__Exercise description__:
The listing must be copied out in full and exactly; no images go with it.

__Input for this task__:
⁂
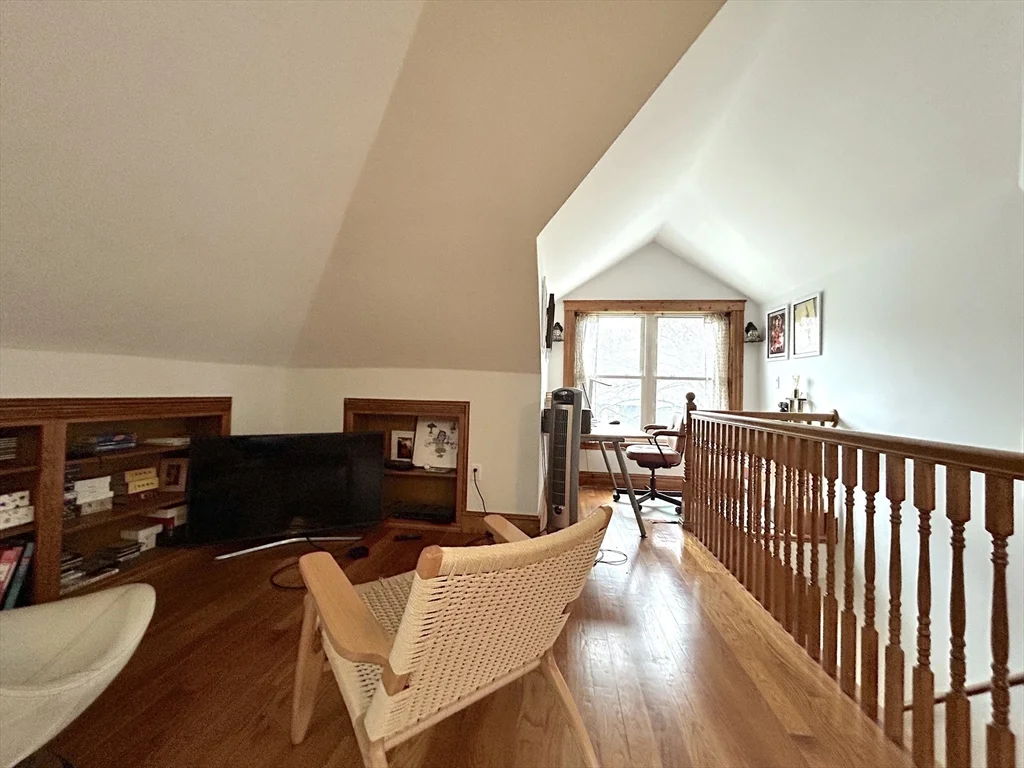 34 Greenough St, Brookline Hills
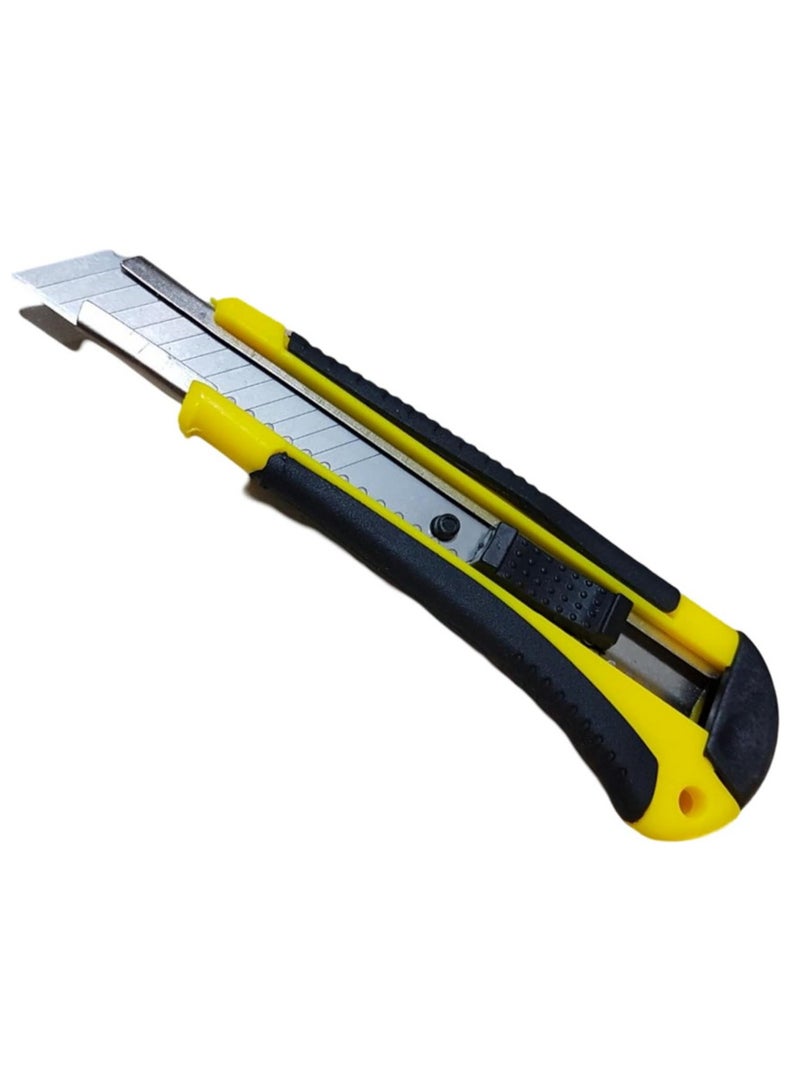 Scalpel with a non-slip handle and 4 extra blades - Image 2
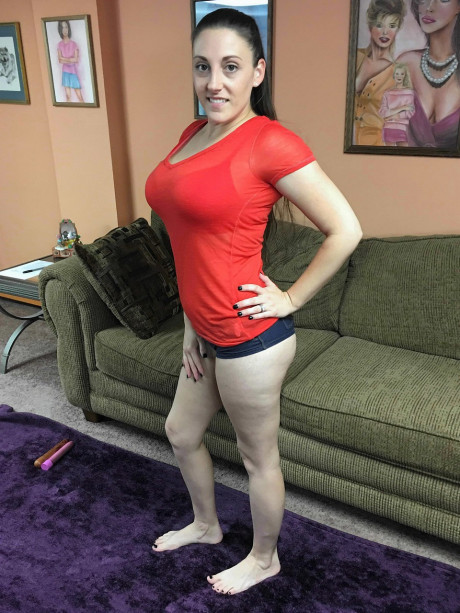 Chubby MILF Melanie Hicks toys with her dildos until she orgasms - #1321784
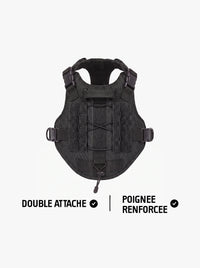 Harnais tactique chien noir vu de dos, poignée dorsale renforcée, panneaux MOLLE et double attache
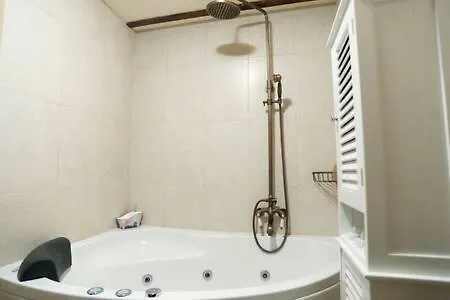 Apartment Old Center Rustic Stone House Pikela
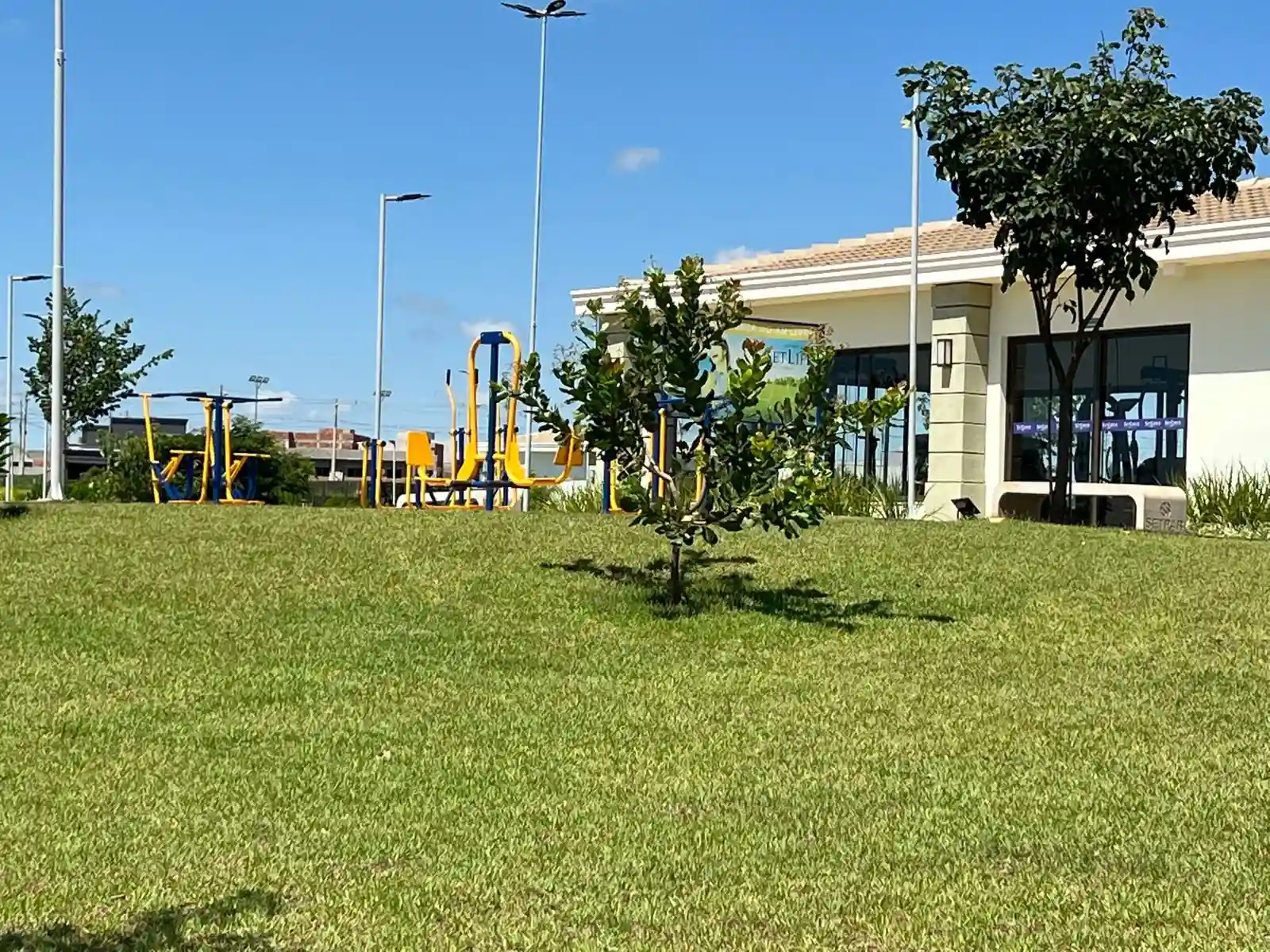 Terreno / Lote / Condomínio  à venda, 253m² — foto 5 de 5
⁂
__Response area__:
 34 Greenough St, Brookline Hills
 Scalpel with a non-slip handle and 4 extra blades - Image 2
 Chubby MILF Melanie Hicks toys with her dildos until she orgasms - #1321784
 Harnais tactique chien noir vu de dos, poignée dorsale renforcée, panneaux MOLLE et double attache
 Apartment Old Center Rustic Stone House Pikela
 Terreno / Lote / Condomínio  à venda, 253m² — foto 5 de 5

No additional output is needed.